The introduction of the “weed pass” in Amsterdam will lead to the closure of almost all the coffeeshops in the centre of the Dutch capital. Jan Goos of the Organisation of Cannabis Sellers (BCD) claims this will be disastrous for the Dutch capital’s tourism industry.
The introduction of an obligatory membership card available only to Dutch citizens for people wishing to buy cannabis at a coffeeshop is intended to put an end to “drugs tourism”. This is a particular problem in the south of the Netherlands where large numbers of customers regularly cross the borders from Belgium, Germany and France. The regulation has already been in force in 3 southern provinces since May of this year. It is scheduled to take effect in Amsterdam and the rest of the country on January 1st 2013.
According to figures from the Amsterdam Bureau for Tourism, at least 25 percent of the more than 6 million foreigners who come to the capital annually visit a coffeeshop once or more during their stay. T he BCD claims many of these people will stay away if they are unable to buy a joint legally.
Amsterdam newspaper Het Parool also found that only an estimated ten percent of Dutch Amsterdammers who regularly visit coffeeshops would be willing to register as official members.
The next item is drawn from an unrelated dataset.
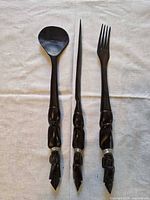 Full view of spoon, knife and fork on white cloth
The Amsterdam city council is currently discussing with the Justice Minister the possibility of making an exception to the regulations for the capital. The council fears the restrictions will lead to a dramatic increase in the illegal street sale of cannabis. Police in Limburg announced earlier this week that 386 people had been arrested for buying or selling cannabis since the introduction of the weed pass in the province in May.